Tokyo 2020 have unveiled the completed Ariake Gymnastics Centre ©Getty Images

Tokyo 2020 has unveiled the completed Ariake Gymnastics Centre, with the traditional Japanese style facility one of the latest venues delivered for next year’s Olympic and Paralympic Games.

The 12,000-capacity venue is set to host artistic, rhythmic and trampoline gymnastics competitions during the Olympic Games.

Boccia will then be held at the venue during the Paralympic Games.

Tokyo 2020 claim the on-time completion is evidence their preparations for the Games are on track.
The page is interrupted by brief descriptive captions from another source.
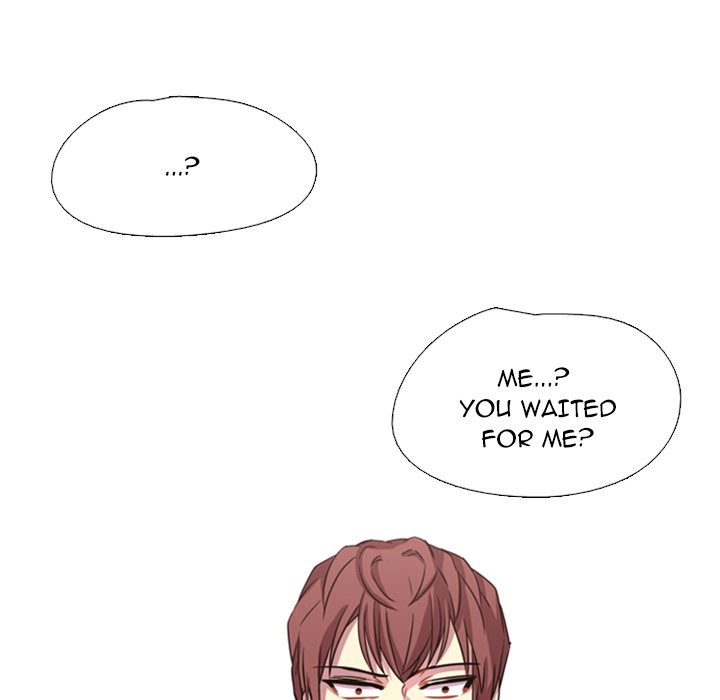 I Need Romance I Need Romance EP 2 - Toomics page 101 - 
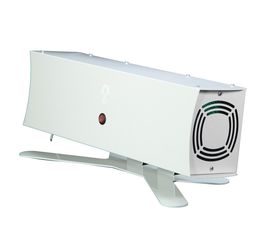 Ультрафиолетовый очиститель воздуха ПОТОК П 300/2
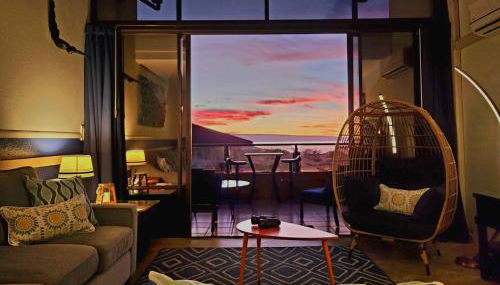 Hale Mai Hopohopo - Foto 2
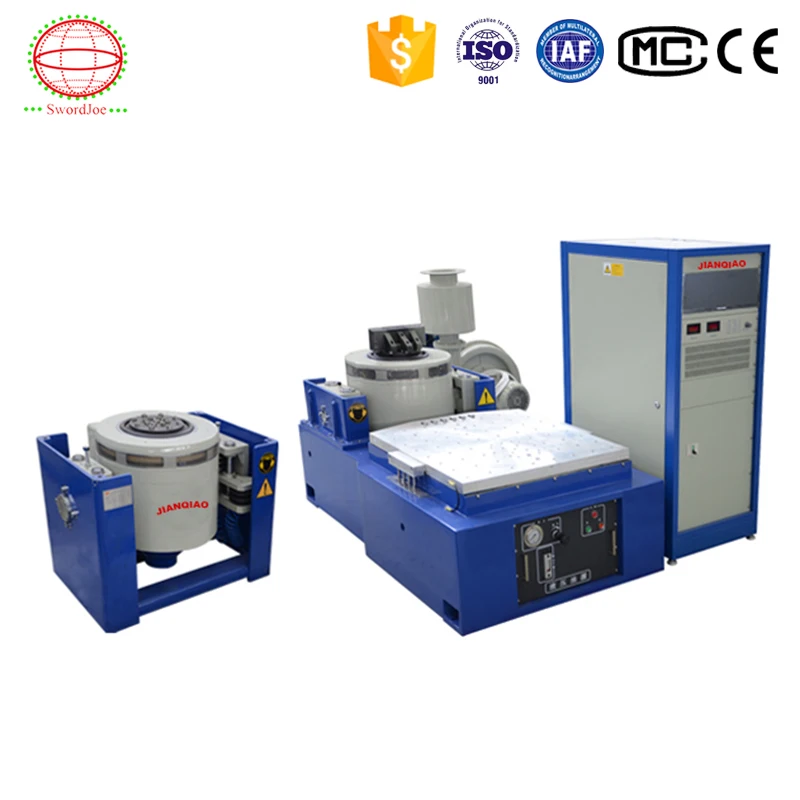 Вибростенд воронеж. Lds 400 вибростенд. Ударный стенд. Вибростенд для испытаний радиоэлектронного оборудования. Вибрационный электродинамический стенд вэдс-1500.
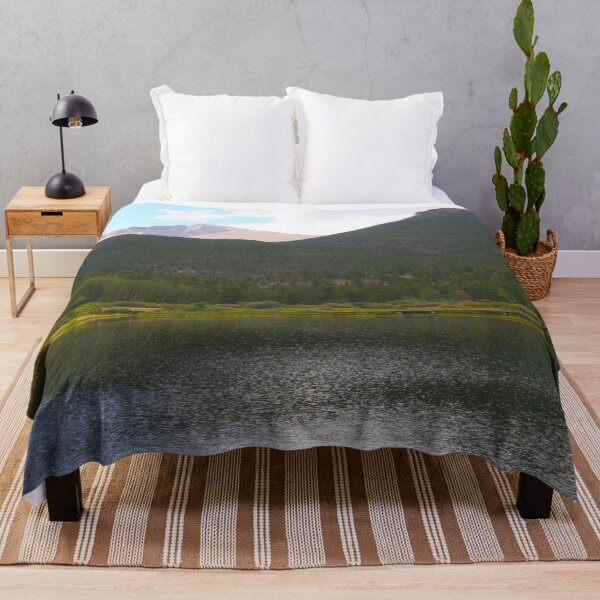 Item preview, Lily Lake designed and sold by KoalaTeaPhotogr.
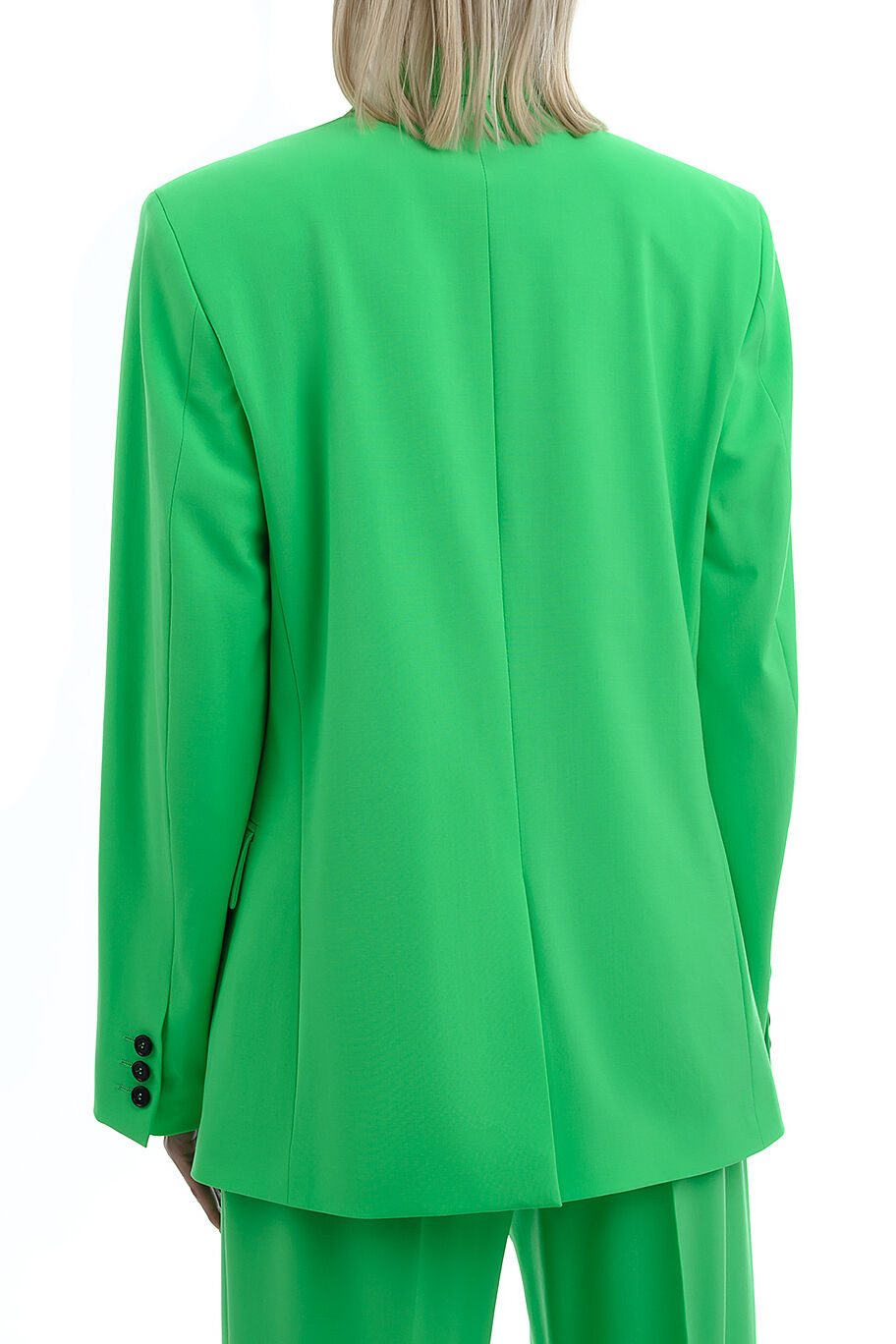 Пиджак Msgm - фото 4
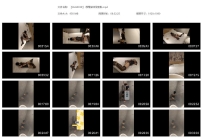 【HLG0030】 恶魔旅馆深度版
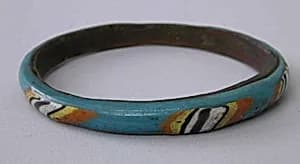 Bracelet by Unknown Artist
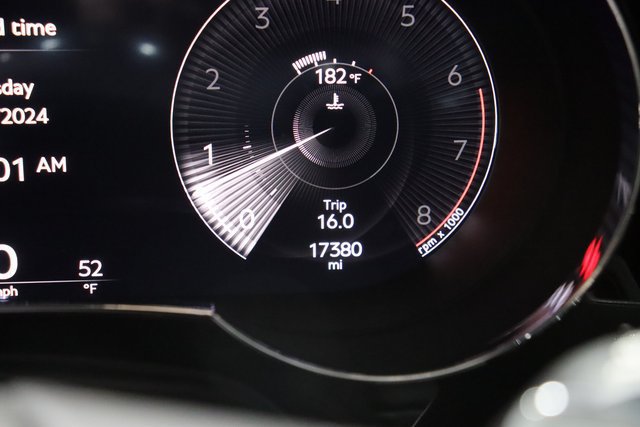 Used 2021 Bentley Bentayga Speed AWD/4WD image 65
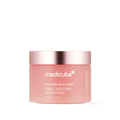 [Medicube] Collagen Jelly Cream 110ml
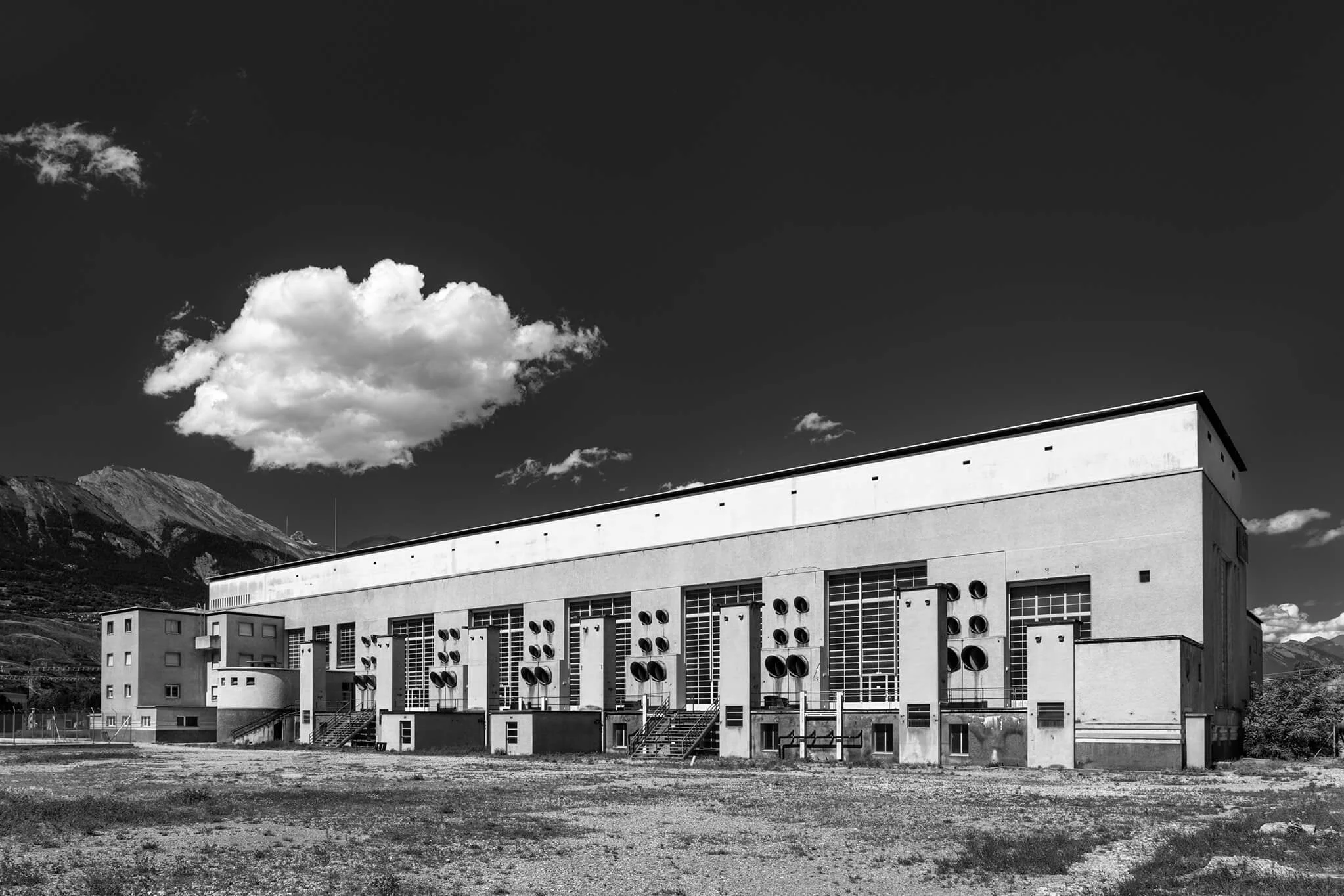      

 
   STENHEIM AT "THE&nbsp;BIENNALE SON&nbsp;2025" IN SWITZERLAND 
 




















  
  



    










































  

    
  
     

      

      
         
          
        
        

        
          
    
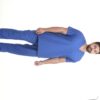 ELITE-HS-ROYAL-BLUE-04_f44fb701-1a8a-4c81-8171-46f939a816e7-4.jpg سكراب إيليت للجنسين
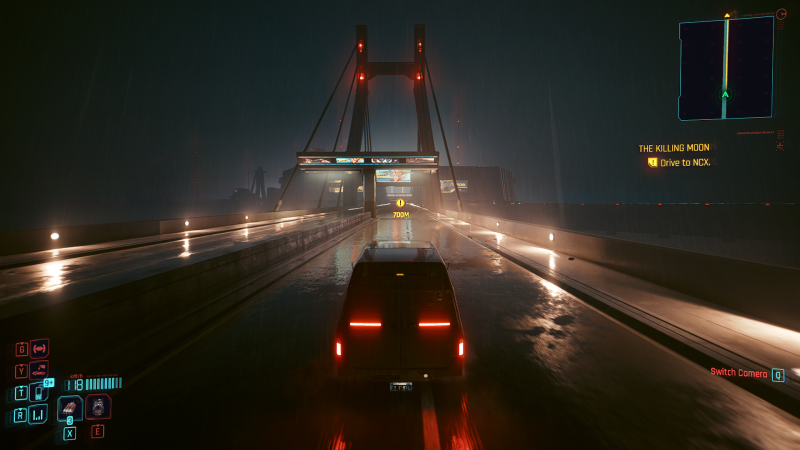 Soubor:Cyberpunk 2077-Phantom-318.png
The venue is located in the Tokyo Bay Zone, with the Athletes’ Village and Main Press Centre claimed to be a five minutes drive away.

The Ariake Tennis Park and the Ariake Arena, where volleyball competition will take place, after close to the completed building.

Construction is also continuing on the nearby temporary Ariake Urban Sports Park, which will host BMX Freestyle, BMX racing and skateboarding events.

Tokyo 2020 revealed the area was previously used primarily for timber storage, which inspired the design and construction of the Ariake Gymnastics Centre.

Timber has been used for the roof frames, the main auditorium and the building’s exterior, with the design aimed at showcasing traditional Japanese craftsmanship.

Organisers claim the venue features one of the largest timber roofs in the world, with the 30-metre-wide structure built from larch wood from the Nagano and Hokkaido prefectures.

The venue features a 30 metre wide timber roof ©Getty Images
The venue features a 30 metre wide timber roof ©Getty Images

Japanese cedar was used to create the exterior shape of wooden vessels, with Tokyo 2020 claiming the external concourse is similar to an engawa, a Japanese-style veranda.

The venue has 90 metre wooden roof beams and is free of steel framework, which has allowed the creation of a large open space without pillars in the centre of the venue.

Spectators will sit on specially crafted wooden benches at the venue made of cedar from the Mie prefecture.

Ticket holders will be in their seats from July 25 next year, when the artistic gymnastics competition begins.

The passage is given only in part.